TASK INSTRUCTIONS »
List, from the lines below, each one with "Knit" in it.

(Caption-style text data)
────────

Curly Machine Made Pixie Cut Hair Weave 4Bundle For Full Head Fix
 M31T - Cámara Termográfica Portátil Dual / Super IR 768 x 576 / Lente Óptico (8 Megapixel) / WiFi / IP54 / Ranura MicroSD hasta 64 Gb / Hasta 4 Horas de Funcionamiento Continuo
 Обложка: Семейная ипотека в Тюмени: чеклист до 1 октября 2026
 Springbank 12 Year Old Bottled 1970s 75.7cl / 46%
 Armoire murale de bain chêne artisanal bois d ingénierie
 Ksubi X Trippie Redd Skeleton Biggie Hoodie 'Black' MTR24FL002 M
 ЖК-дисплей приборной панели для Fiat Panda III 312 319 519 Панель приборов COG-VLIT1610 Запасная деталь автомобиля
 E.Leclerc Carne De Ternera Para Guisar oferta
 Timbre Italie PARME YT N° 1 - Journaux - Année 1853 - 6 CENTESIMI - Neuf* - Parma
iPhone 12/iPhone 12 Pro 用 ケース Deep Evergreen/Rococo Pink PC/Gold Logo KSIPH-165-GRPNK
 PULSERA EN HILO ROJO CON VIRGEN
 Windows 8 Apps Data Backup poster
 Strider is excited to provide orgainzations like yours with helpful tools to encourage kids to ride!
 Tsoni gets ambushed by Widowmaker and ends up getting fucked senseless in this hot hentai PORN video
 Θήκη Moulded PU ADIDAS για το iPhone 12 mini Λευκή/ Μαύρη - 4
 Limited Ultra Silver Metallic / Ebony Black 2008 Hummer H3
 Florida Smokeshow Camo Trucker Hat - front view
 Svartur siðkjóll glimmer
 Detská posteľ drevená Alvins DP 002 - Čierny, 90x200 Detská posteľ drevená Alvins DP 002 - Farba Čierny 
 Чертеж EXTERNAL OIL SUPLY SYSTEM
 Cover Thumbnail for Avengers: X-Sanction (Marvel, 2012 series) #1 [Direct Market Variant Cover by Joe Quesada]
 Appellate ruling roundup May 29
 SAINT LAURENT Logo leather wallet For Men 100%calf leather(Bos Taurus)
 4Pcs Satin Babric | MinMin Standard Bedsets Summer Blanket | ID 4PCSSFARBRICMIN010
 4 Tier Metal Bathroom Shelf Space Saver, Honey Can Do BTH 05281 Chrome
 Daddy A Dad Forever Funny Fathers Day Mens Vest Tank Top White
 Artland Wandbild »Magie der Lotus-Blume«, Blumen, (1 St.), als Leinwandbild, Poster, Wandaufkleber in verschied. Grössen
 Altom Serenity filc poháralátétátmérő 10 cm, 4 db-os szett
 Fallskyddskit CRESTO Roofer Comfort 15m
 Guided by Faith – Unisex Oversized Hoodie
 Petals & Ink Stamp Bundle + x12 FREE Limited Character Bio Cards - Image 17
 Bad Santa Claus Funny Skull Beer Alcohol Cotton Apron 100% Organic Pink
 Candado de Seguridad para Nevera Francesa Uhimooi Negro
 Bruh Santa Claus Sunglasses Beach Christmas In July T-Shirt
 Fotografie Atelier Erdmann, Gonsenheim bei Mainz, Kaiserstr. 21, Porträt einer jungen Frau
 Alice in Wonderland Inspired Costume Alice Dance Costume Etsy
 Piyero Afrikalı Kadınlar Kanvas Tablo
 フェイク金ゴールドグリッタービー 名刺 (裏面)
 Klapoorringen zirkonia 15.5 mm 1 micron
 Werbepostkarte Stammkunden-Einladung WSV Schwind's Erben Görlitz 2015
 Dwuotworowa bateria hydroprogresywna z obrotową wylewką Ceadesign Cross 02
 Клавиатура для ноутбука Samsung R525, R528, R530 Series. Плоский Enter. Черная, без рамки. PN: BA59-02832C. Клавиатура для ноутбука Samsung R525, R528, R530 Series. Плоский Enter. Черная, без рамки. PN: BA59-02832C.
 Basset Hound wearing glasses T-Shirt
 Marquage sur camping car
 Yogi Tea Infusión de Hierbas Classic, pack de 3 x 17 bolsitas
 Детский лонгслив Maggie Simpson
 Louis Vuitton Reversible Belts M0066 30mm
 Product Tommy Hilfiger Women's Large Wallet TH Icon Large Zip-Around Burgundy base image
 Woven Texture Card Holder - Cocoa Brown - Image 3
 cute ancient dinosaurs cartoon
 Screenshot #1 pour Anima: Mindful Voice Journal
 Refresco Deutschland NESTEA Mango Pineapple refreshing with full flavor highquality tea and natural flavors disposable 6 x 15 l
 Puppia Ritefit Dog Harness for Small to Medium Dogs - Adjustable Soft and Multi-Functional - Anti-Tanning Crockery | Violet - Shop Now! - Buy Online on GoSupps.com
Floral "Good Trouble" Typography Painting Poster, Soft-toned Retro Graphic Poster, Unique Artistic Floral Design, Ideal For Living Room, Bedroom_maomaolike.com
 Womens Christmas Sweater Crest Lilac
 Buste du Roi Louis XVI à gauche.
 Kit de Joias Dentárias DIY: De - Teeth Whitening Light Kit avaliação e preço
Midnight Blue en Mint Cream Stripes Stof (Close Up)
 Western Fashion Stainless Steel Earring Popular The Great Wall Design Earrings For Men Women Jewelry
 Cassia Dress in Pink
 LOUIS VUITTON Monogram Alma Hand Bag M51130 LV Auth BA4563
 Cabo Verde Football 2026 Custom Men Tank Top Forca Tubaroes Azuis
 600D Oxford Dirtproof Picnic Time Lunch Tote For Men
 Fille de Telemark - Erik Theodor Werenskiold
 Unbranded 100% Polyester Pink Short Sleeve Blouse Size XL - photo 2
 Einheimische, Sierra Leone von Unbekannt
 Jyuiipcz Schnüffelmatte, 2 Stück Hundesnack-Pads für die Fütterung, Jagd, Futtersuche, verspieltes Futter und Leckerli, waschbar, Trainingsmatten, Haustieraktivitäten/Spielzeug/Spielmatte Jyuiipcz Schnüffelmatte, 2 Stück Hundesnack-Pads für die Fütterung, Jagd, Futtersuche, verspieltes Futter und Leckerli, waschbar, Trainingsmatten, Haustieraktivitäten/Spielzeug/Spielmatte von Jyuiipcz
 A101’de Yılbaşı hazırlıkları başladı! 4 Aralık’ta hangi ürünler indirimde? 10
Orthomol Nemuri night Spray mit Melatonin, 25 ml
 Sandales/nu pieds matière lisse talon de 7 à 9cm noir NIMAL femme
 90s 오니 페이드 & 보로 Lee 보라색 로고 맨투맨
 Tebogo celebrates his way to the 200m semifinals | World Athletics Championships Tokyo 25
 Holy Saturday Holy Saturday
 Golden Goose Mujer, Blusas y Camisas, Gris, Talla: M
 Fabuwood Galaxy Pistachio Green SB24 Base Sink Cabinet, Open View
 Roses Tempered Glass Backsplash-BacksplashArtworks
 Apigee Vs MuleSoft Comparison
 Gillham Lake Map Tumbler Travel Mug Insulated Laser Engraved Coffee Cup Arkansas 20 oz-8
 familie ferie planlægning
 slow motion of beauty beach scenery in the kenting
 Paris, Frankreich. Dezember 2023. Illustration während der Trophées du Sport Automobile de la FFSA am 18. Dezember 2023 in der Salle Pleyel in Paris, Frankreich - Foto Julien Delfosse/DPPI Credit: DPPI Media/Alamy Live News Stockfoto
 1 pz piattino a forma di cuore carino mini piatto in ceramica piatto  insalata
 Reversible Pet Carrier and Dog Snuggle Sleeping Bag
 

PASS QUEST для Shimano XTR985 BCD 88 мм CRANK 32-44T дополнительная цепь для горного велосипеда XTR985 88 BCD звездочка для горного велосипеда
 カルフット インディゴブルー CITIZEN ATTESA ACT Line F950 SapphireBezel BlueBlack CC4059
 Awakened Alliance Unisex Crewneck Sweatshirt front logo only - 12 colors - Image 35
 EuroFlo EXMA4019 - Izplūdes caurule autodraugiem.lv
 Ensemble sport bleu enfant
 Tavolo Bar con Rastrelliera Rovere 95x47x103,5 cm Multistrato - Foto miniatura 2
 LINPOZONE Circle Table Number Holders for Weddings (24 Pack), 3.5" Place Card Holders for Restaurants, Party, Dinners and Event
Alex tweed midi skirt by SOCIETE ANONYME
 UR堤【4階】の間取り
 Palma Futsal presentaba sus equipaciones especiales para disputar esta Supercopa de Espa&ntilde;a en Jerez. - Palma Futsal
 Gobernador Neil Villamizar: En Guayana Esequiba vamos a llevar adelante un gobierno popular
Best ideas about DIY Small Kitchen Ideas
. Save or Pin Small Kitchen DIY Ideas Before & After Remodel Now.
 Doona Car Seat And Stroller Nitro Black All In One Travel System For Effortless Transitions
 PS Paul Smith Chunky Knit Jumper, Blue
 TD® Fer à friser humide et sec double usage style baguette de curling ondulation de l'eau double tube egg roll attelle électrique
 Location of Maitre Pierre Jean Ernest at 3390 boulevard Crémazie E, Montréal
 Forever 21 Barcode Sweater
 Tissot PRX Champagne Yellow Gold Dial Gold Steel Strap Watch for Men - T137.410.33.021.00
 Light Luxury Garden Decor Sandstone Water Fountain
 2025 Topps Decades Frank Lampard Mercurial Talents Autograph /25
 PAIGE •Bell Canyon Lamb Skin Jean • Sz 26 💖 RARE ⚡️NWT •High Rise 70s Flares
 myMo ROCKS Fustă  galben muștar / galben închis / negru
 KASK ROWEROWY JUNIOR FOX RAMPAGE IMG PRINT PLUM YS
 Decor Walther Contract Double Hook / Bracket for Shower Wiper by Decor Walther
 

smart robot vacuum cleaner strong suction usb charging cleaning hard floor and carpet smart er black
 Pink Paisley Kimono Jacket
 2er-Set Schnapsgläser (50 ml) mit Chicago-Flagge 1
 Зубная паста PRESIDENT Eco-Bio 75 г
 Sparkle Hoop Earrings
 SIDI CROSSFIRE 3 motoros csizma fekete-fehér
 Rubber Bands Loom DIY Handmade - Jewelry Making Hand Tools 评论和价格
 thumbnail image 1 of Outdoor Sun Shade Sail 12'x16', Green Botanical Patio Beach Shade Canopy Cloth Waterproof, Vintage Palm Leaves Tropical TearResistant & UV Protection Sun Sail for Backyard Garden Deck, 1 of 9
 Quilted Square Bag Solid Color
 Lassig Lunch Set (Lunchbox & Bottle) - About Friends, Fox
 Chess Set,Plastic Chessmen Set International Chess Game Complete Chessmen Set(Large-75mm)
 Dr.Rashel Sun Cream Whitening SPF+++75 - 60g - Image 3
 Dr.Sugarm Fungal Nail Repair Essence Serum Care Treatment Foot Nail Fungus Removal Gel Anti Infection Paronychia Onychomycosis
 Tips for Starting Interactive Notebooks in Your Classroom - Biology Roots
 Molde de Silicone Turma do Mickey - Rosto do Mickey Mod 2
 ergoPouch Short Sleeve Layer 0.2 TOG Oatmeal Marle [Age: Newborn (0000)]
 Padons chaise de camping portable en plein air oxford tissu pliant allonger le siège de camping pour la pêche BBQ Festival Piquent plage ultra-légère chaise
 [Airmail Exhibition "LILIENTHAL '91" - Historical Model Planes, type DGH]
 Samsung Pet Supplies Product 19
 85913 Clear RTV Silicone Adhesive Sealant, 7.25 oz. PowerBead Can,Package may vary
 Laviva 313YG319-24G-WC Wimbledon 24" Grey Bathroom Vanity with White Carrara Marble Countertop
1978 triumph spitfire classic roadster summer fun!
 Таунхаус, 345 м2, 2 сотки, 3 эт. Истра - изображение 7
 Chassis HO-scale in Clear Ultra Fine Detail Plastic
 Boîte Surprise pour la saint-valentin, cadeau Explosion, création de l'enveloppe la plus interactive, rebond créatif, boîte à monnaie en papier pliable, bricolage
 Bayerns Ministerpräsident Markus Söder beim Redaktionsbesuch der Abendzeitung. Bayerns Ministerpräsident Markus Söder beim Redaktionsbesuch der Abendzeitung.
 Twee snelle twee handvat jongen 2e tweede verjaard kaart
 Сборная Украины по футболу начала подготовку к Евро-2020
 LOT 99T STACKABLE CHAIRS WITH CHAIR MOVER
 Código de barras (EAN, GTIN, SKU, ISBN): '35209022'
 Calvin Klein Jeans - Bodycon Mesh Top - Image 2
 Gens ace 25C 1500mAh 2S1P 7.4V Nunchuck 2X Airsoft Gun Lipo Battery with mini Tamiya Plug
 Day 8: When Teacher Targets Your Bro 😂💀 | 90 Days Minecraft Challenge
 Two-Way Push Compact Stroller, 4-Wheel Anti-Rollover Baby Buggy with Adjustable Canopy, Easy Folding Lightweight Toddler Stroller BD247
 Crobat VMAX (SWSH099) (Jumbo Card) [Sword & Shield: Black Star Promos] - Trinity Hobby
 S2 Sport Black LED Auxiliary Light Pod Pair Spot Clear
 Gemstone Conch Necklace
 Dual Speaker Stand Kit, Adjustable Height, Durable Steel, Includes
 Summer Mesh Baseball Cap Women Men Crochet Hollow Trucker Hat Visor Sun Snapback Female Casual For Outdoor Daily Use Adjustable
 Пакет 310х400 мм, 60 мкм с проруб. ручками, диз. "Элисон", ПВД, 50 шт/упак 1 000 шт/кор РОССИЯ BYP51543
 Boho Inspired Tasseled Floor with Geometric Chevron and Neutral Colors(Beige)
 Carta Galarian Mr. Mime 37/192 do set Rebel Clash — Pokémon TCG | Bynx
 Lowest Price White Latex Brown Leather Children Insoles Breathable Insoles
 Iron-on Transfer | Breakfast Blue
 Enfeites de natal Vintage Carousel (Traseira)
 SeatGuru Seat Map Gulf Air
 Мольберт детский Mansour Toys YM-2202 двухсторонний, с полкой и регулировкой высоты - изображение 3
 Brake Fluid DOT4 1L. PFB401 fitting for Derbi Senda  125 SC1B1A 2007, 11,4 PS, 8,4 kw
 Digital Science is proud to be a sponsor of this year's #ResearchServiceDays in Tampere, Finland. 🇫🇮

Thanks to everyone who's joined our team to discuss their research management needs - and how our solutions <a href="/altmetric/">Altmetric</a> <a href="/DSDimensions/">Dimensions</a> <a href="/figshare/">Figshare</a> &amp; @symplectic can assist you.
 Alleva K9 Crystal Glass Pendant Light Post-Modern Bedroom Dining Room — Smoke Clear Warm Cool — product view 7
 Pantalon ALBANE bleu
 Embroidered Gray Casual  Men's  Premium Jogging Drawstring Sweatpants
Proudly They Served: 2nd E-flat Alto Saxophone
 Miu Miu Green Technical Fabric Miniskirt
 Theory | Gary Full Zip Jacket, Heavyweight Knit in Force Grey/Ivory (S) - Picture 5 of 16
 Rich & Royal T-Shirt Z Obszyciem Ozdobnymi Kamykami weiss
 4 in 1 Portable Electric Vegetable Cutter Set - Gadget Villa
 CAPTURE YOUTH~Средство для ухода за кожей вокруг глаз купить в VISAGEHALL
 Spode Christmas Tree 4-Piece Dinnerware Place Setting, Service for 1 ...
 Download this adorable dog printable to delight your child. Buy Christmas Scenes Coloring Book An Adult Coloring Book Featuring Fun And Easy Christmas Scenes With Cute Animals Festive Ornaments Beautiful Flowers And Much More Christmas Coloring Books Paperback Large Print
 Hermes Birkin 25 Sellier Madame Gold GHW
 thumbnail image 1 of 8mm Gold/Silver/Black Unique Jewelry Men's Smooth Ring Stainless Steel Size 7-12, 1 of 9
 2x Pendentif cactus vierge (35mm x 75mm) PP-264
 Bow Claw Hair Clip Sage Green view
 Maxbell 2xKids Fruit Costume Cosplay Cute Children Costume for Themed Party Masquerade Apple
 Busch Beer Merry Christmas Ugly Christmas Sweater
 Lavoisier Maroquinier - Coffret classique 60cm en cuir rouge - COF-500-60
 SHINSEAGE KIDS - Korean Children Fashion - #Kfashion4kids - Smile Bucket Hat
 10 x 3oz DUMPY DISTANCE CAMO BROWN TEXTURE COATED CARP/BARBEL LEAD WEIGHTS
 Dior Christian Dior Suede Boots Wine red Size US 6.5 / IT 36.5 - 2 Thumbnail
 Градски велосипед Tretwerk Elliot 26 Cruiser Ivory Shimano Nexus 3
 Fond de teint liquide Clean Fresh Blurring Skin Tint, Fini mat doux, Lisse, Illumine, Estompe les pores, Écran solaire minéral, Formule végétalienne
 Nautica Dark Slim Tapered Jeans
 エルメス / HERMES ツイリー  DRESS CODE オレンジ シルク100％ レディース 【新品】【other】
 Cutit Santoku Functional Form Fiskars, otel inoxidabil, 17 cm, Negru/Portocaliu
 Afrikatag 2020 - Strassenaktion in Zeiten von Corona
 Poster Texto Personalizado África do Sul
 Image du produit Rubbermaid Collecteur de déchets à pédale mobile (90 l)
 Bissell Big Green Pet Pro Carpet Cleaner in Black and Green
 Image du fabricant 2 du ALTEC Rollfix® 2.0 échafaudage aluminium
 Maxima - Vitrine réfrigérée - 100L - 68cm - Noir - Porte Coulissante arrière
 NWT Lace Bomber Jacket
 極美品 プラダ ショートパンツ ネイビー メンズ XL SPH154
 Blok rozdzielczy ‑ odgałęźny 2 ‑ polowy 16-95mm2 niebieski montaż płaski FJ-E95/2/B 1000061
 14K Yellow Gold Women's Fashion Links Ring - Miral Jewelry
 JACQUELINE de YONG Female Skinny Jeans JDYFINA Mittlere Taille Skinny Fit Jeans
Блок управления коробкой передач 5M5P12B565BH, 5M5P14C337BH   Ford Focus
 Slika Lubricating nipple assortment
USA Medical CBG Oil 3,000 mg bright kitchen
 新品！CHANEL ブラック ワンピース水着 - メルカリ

────────

YOUR RESPONSE »
 PS Paul Smith Chunky Knit Jumper, Blue
 Theory | Gary Full Zip Jacket, Heavyweight Knit in Force Grey/Ivory (S) - Picture 5 of 16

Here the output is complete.